L’histoire du paysage des Abîmes semble étroitement lié, peut-être plus qu’ailleurs, à ses habitants. Leur organisation en communautés est à étudier afin de déterminer l’impact sur la formation du paysage actuel des Abîmes. Il faudrait aussi s’interroger sur d’éventuelles pratiques territoriales et politiques différentes entre la Savoie et le Dauphiné. On ignore encore comment la propriété se met en place dans les Abîmes de Myans. S’agit-il de volontés individuelles, de politique publique des autorités, ou bien le résultat d’organisation en communautés ? Un ouvrage récent recense les sources documentaires qui montrent qu’au Moyen-Age les Alpes sont mises en valeur par des « processus communautaires extrêmement élaborés » (Poirier & Mouthon, Paysans des Alpes.

Les communautés montagnardes au Moyen-Age, 2010). Cette problématique doit être explorée parallèlement à celles des formes du paysage évoquée ci-dessus, et en collaboration avec les Archives de Savoie qui possèdent des documents exceptionnels, témoignages de ces communautés (notamment une série de procès entre les communautés des Marches et les Seigneurs pour le droit de pêche sur les lacs)

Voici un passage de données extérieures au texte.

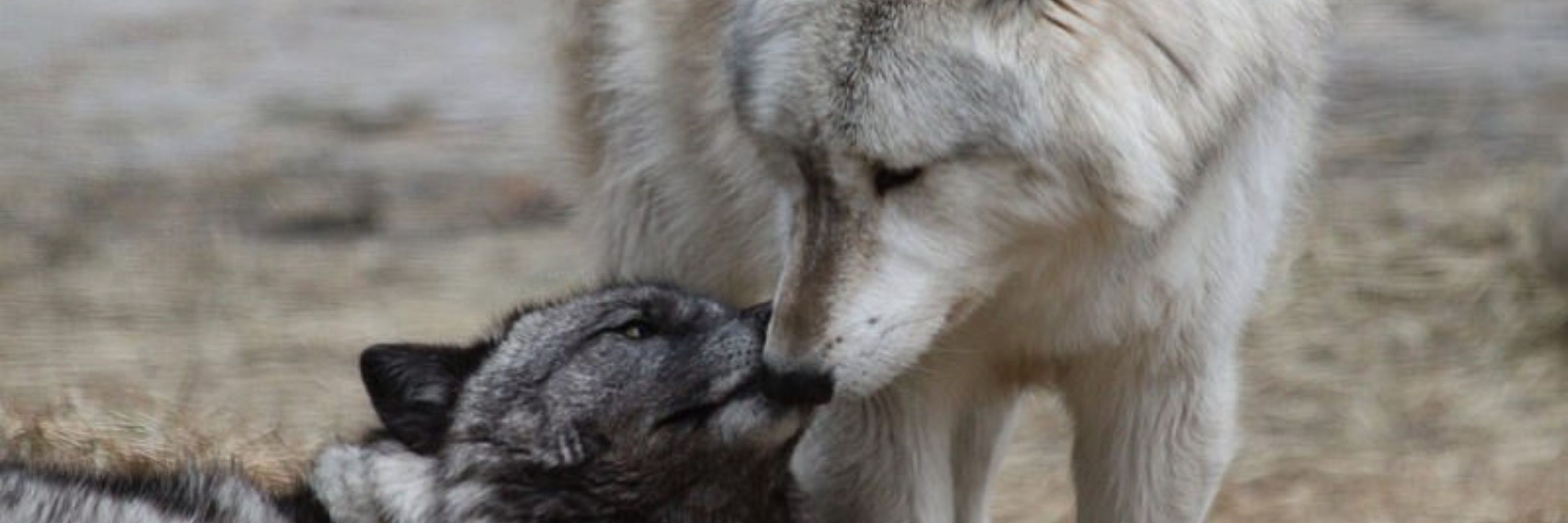 Wolf / Karmin~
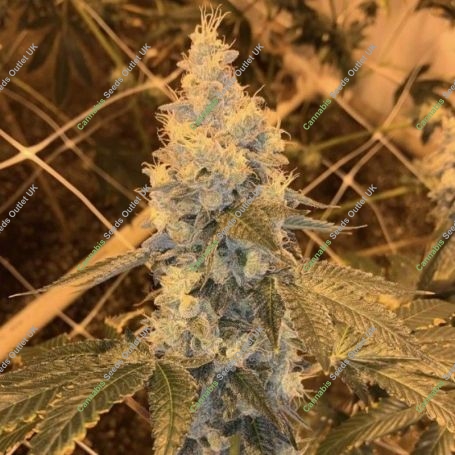 Garlic Grapes Regular Marijuana Strain by Fidels Seed Company For Sale Online at Cannabis Seeds Outlet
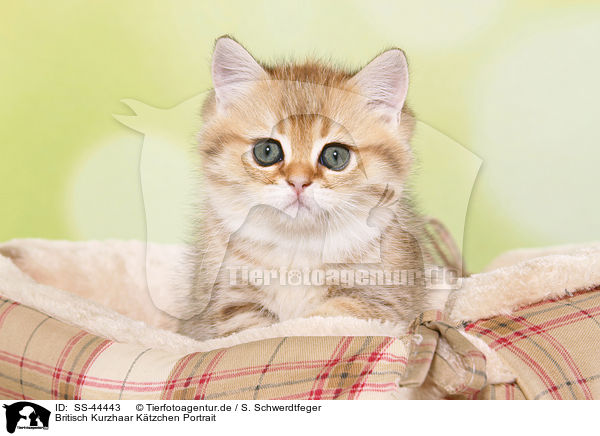 Britisch Kurzhaar Ktzchen Portrait / British Shorthair Kitten Portrait / SS-44443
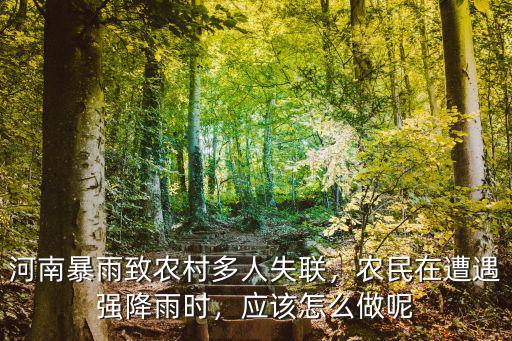 河南暴雨致農村多人失聯，農民在遭遇強降雨時，應該怎么做呢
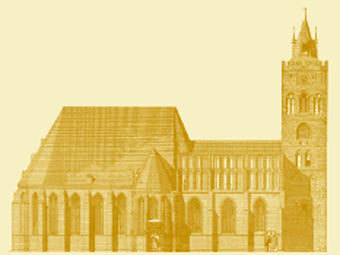 �����������. ����������� � ����� st-marien-ffo.de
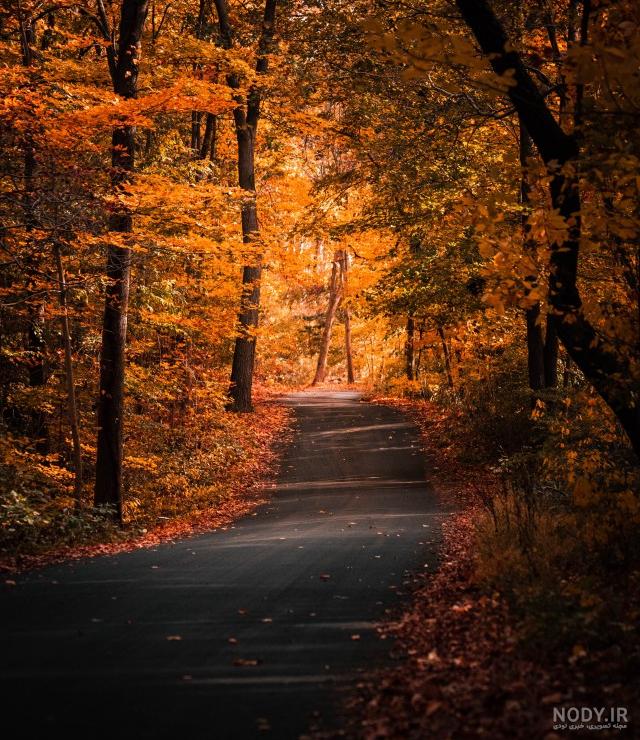 عکس پروفایل کلبه آرامش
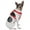 Red, variant on Jeffers Pet Reflective Hound Series Nylon Dog Harness, Blue- 5/8"W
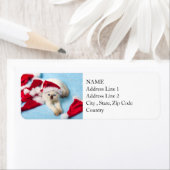 Siamese Kitten: Santa Hats Etiket (Insitu)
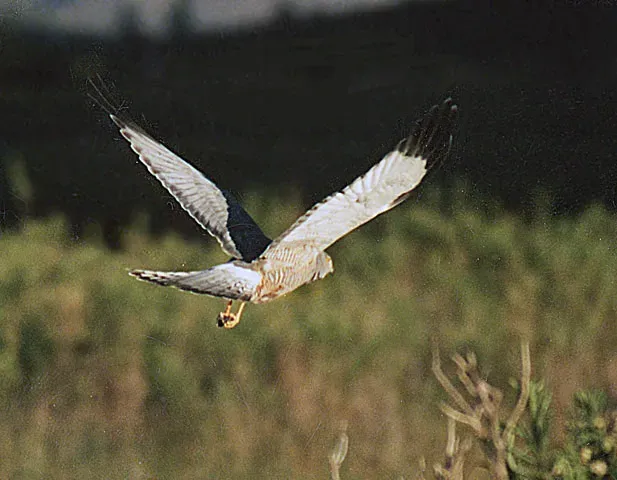 File:Circus cinereus (8391094118).jpg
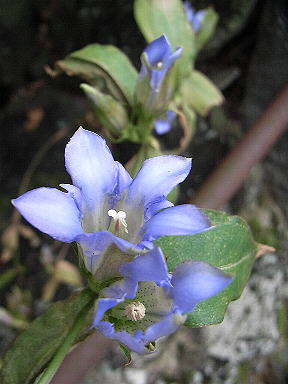 21 おおやまりんどう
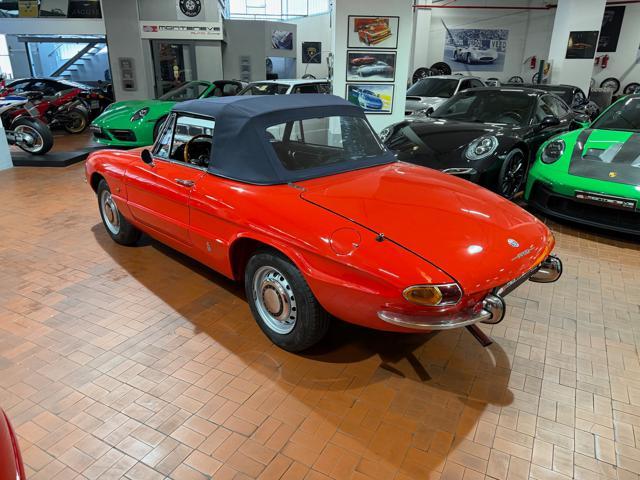 ALFA ROMEO Spider Osso di Seppia 1750 Veloce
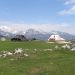 Velika planina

La mise en place de l’éboulement du Mont Granier est plus complexe qu’il n’y parait et nécessite encore un énorme travail. En effet, l’extension de la coulée de boue et sa composition sont remis en cause par les récentes découvertes archéologiques qui sont indéniables. Celles-ci bouleversent les acquis installés depuis les résultats publiées en 1998 (Nicoud & al, 1998). Ce questionnement appelle une réinterprétation des forages SNCF et un réexamen des articles d’auteurs moins connus mais ayant employés une méthodologie différente pour cartographier les limites de l’éboulement. Des prospections de terrains pédestres et géophysiques sont à envisager en complément de ce travail afin d’acquérir une image du sous-sol avec certitude. Elles pourraient alors être comparer aux études parcellaires afin d’affiner au maximum d’une part la cartographie des limites du glissement, et d’autre part la méthodologie « archéogéographique » proposée ci-dessus.

Ce travail a également montré le formidable potentiel archéologique et environnemental du site du Granier. La présence du site gallo-romain fouillé en 2010 rappelle que de nombreuses découvertes fortuites d’objet antérieur au XIIIe siècle ont été faites sur des communes recouvertes par l’éboulement. Ainsi celui-ci n’aurait pas été si destructeur. Au contraire, il a pu être conservateur en emprisonnant des éléments du XIIIe siècle dans une couche de protection qui les a préservés. C’est d’autant plus le cas pour les restes végétaux qui, de plus, ont pu profiter d’un contexte humide important (peut-être plus du tiers de la zone en contexte humide d’après l’étude de la mappe sarde). Des études archéobotaniques entreprises pour reconstituer le paysage d’avant écroulement (pollens, restes xylologiques,…) pourraient alors être comparées avec les documents historiques médiévaux étudiés par Fabrice Mouton, ou encore les données sur la nature du sol issues de l’étude de la mappe sarde.

Les Abîmes de Myans se révelent donc être un territoire qui ne peut s’appréhender que par l’interdisciplinarité. La reconstitution de l’histoire des hommes et du paysage passera par un nécessaire échange entre l’ensemble des disciplines d’archéologie et d’environnement.